State Should Move Forward with Basic Health Program
In a recent turn of events, the Governor’s office announced that it will suspend implementation efforts on the Federal Basic Health Program, citing lack of guidance from the federal government and technology development issues. Last year the Legislature passed HB 2319 which directed the state to move forward with design and implementation of the Federal Basic Health option.
The option in the health care reform law has the potential to provide better quality and more affordable health insurance to more than 160,000 low-income individuals and families. (1) Such a plan would allow us to build upon our state’s own Basic Health Plan which was established in 1987 to provide affordable health coverage for low-income, working adults.
Explanations of how health care reform will expand insurance coverage to millions of Americans often focus on two elements of the law: the expansion of the Medicaid program and the Health Benefit Exchanges.
But there’s another element that often gets less attention: the Federal Basic Health program, an option that states can choose starting in 2014. It is designed to serve people who will earn too much to qualify for Medicaid under the new health care reform law but who may still struggle to afford insurance in the exchanges – even with the help of tax credits available in the Exchange.
Specifically, the Federal Basic Health Program would be offered in lieu of the Exchange for households with incomes between 138 and 200 percent of the Federal Poverty Level, or between about $26,300 and $38,000 for a family of three.(2) Legal immigrants with low incomes would be eligible as well.(3)
The figure below illustrates how a Federal Basic Health Program will help give low income Washingtonians access to health insurance.
A study by the Urban Institute estimated the cost of the Federal Basic Health Program insurance plans using two different scenarios. As the table below shows, Federal Basic Health Program recipients could save significant amounts of money each year on premiums and cost-sharing in comparison to what they would for pay for Exchange coverage.
Federal funding for the Basic Health Program could help states further improve affordability, benefits, and access. States offering a Basic Health option receive 95 percent of what the federal government would have spent on premium tax credits and cost-sharing reductions for individuals who would otherwise be enrolled in the Exchange.(4) Federal payments could exceed costs by $1,250 to $1,350 per enrollee, which can improve the program in various ways, including reducing premiums and cost-sharing, increasing rates paid to health care providers, or covering additional health benefits.(5)
Decisions made now will set the course for the future of health care in Washington state.
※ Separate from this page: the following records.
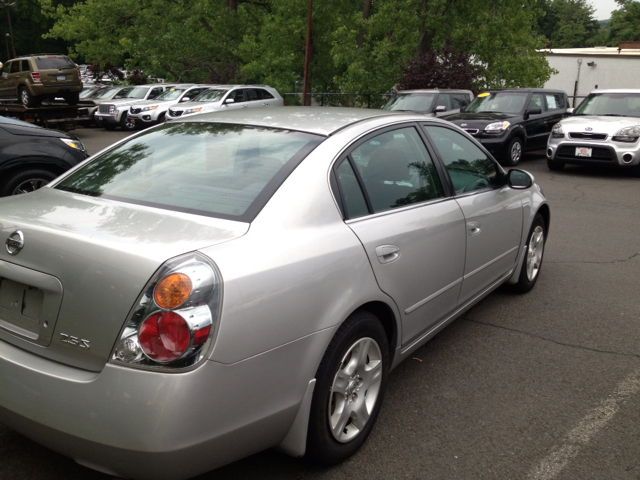 Nissan Altima 2004 photo 3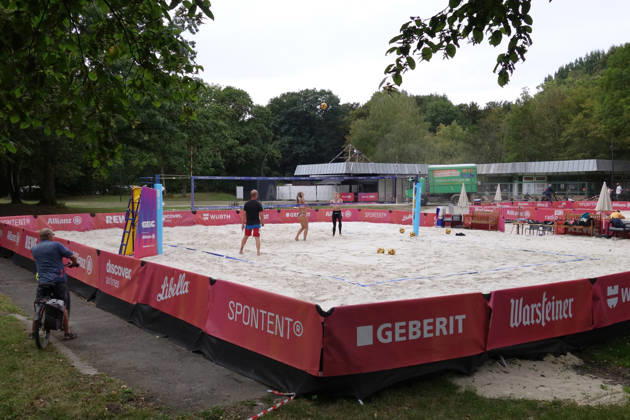 August 25, 2026, Dortmund, Ruhr Region, North Rhine-Westphalia: The German Beach Volleyball Championships are being held in Dortmund for the first time. Preparations are nearly complete; Center Court offers seating for 6,500 spectators, and the preliminary rounds will be played on two additional courts, the side courts. After 33 years, the event has moved from Timmendorfer Strand to the Ruhr region, specifically to Revierpark Wischlingen. The championship runs from August 27 to 30. The women’s players are practicing on one of the side courts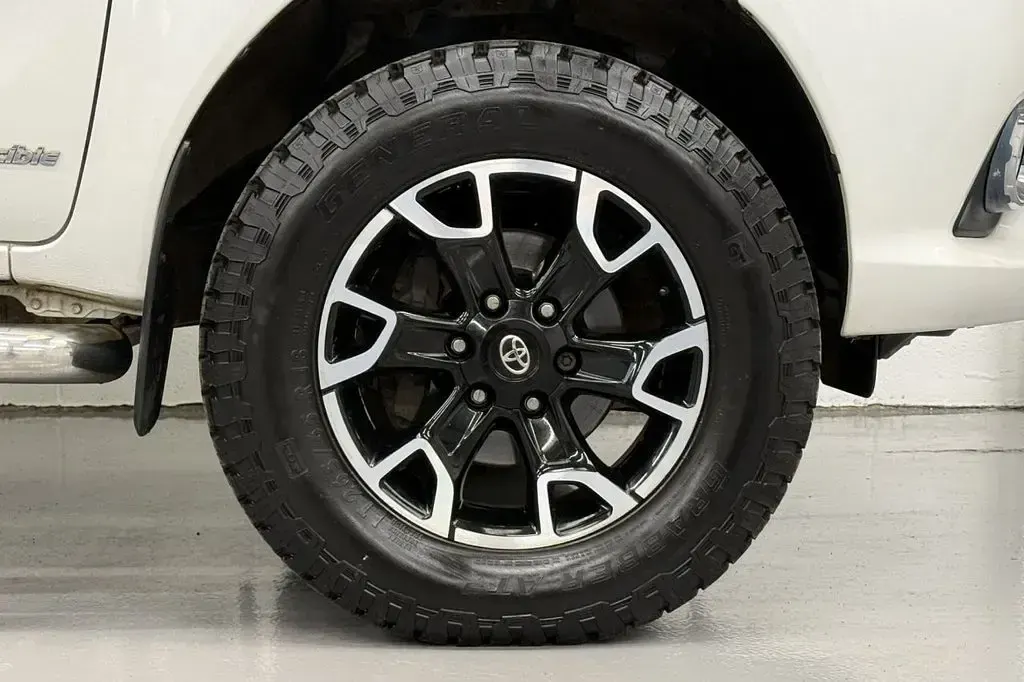 Käytetty Toyota HiLux 150 HP (110 kW) 2017 Valkoinen Nouto
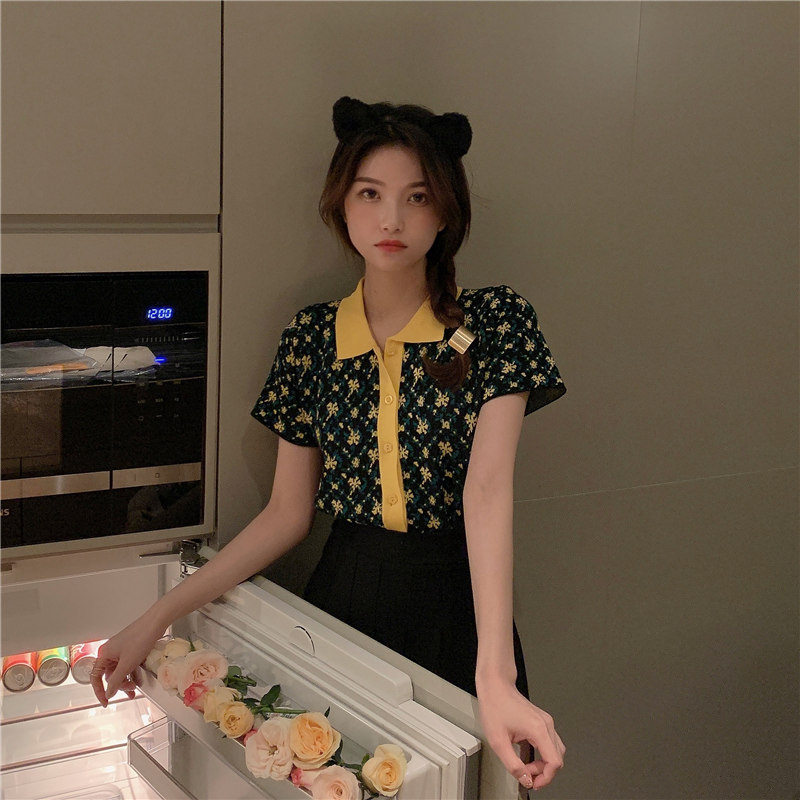 Áo nữ dệt kim tay ngắn họa tiết hoa xinh xắn phong cách retro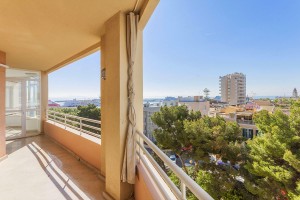 Ample apartment for sale in Palma with spectacular sea views
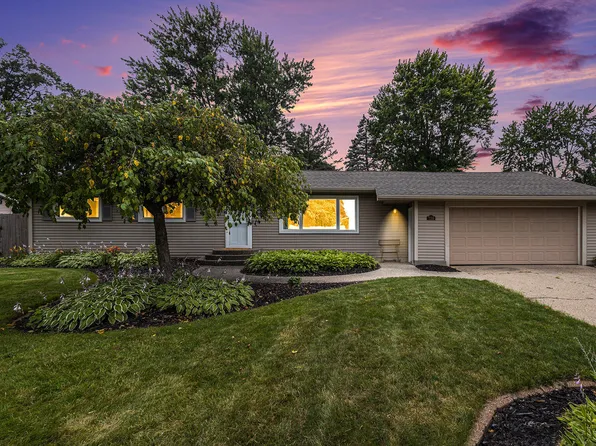 7159 Westgate Ave, Jenison, MI 49428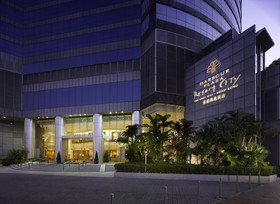 Harbour Plaza Resort City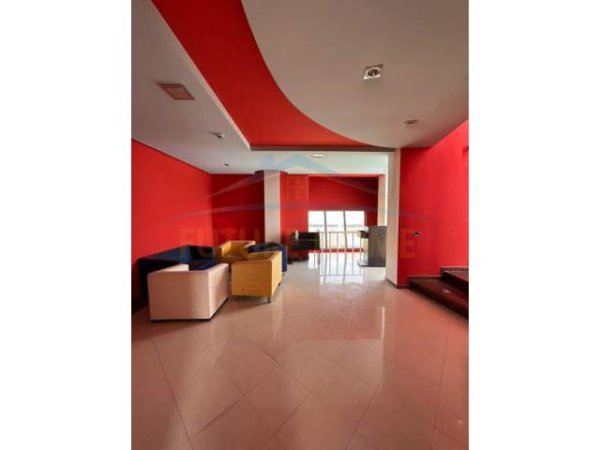 Tirane, shitet ambjent biznesi Kati 1, 3.310 m² 850.000 Euro (VORE)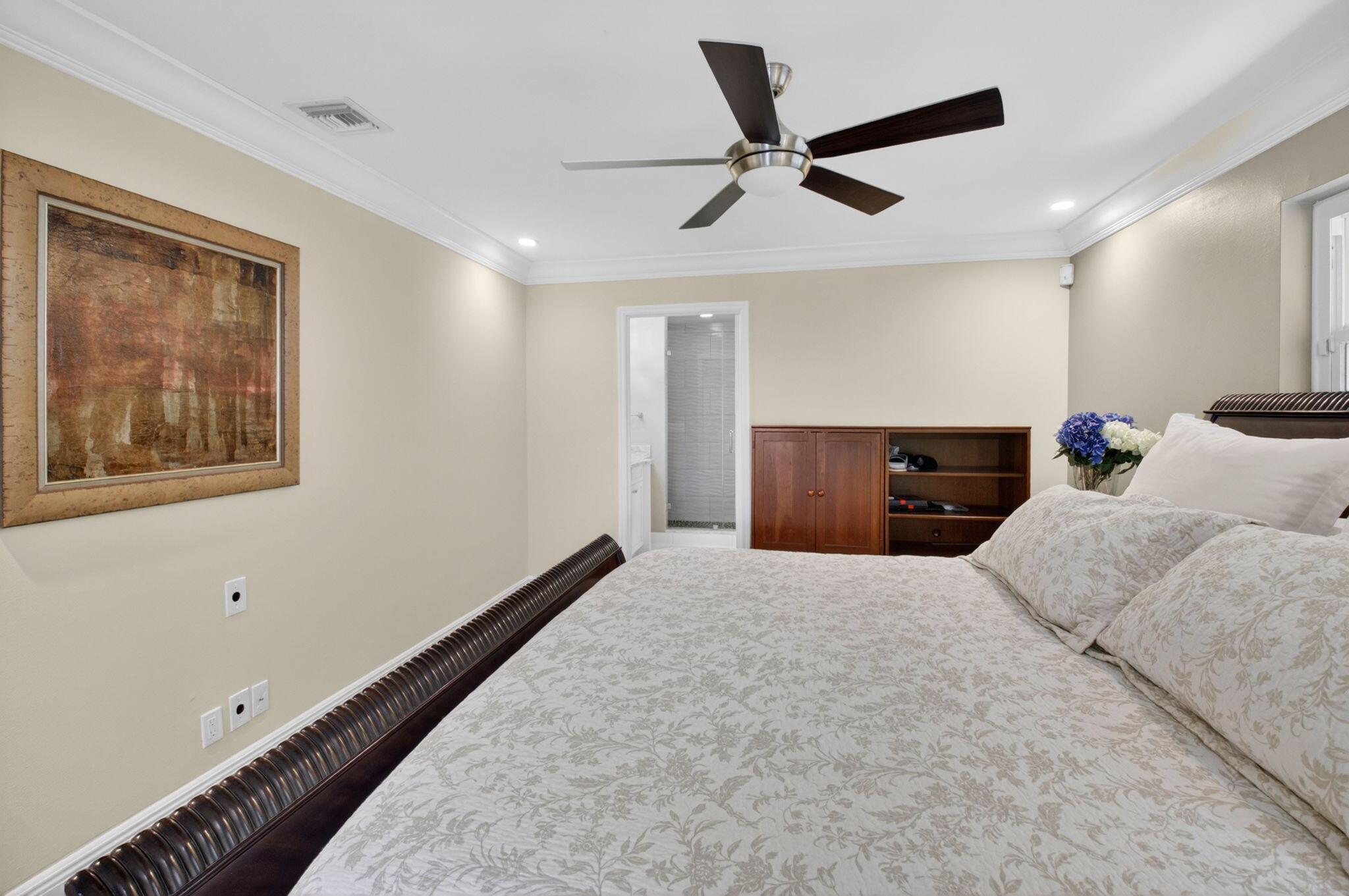 Delray Beach, Florida, 33444, United States, 4 Bedrooms Bedrooms, ,3 BathroomsBathrooms,Residential,Active,2036667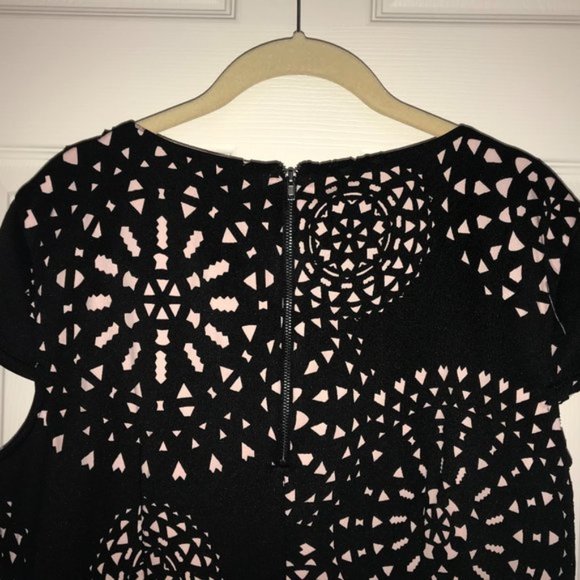 EUC! Women's Laser-Cut Scuba Cap Sleeve Dress - Picture 5 of 11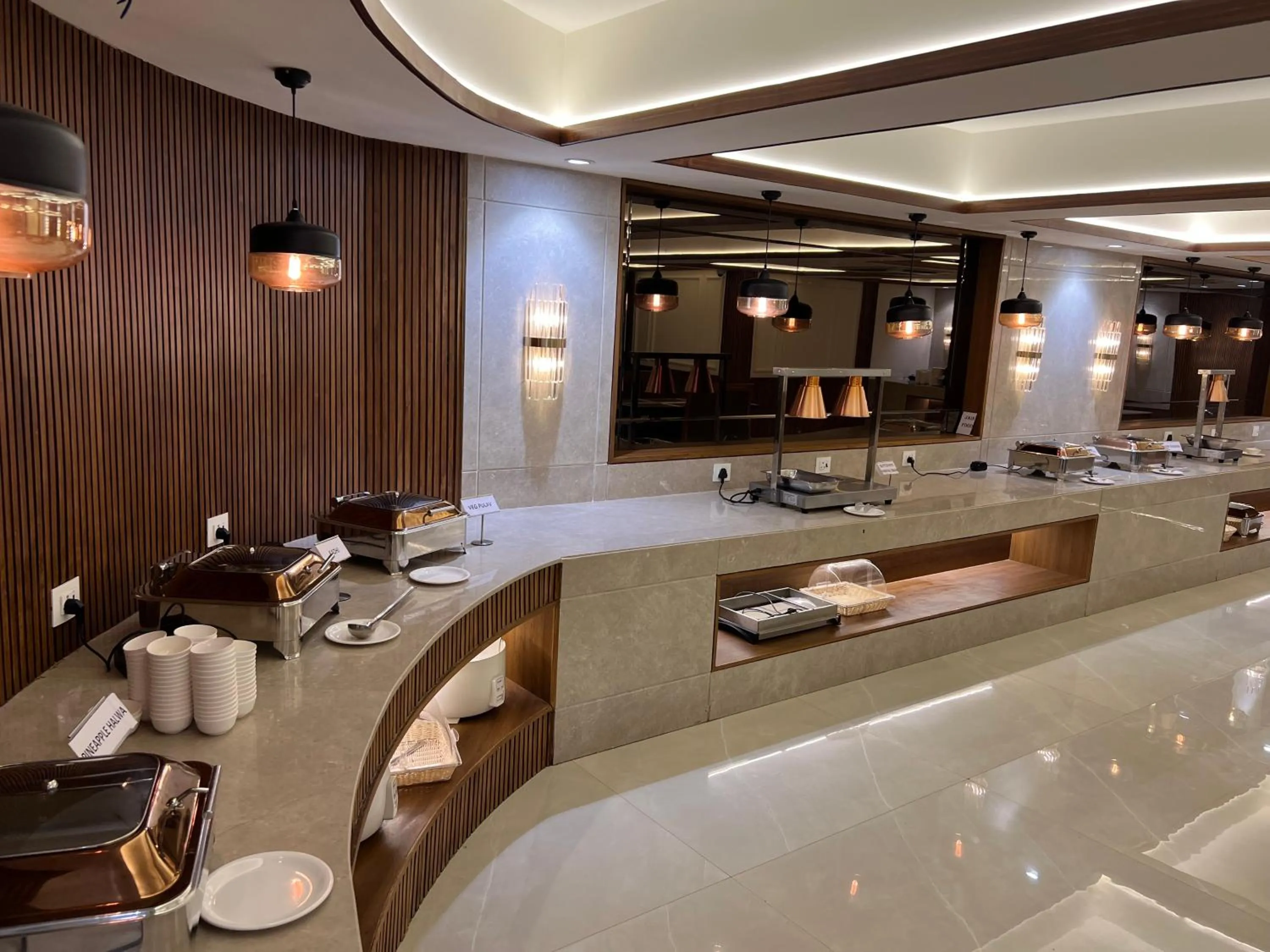 Restaurant/places to eat in Hotel The Evergrand Palace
Any hurdles must be addressed with adequate attention and resources, so that we can move forward with full implementation of health care reform. Washington State should continue following the clear policy direction to move forward with Federal Basic Health Option implementation as laid out by the Legislature last session.
1. Actual enrollment is estimated to be between 75,000 and 111,000.
Matthew Buettgens and Caitlin Carroll, The ACA Basic Health Program in Washington State (The Urban Institute, August 2012). http://www.urban.org/UploadedPDF/412572-The-ACA-Basic-Health-Program-in-Washington-State.pdf
2. Eligibility for Medicaid is up to 133% FPL. In addition, there is an income disregard of 5 percent, effectively increasing eligibility up to 138% FPL. The increased Medicaid eligibility results in eligibility for Federal Basic Health at incomes greater than 138% FPL.
3. Legal immigrants under 138% FPL are eligible if they do not have an affordable offer from an employer and are ineligible for Medicaid because they have been a resident less than five years.
4. Federal guidance on the Federal Basic Health Program has not been released, so there are many unanswered questions about how states will receive payments and whether or not the 95 percent applies to cost sharing subsidies as well as the premium tax credits.
5. Matthew Buettgens and Caitlin Carroll, The ACA Basic Health Program in Washington State (The Urban Institute, August 2012). http://www.urban.org/UploadedPDF/412572-The-ACA-Basic-Health-Program-in-Washington-State.pdf
Exact projections on increased provider rates must wait until we have more guidance from the federal government, but estimates show that Washington should be able to adjust cost sharing so that provider rates are substantially higher than Medicaid.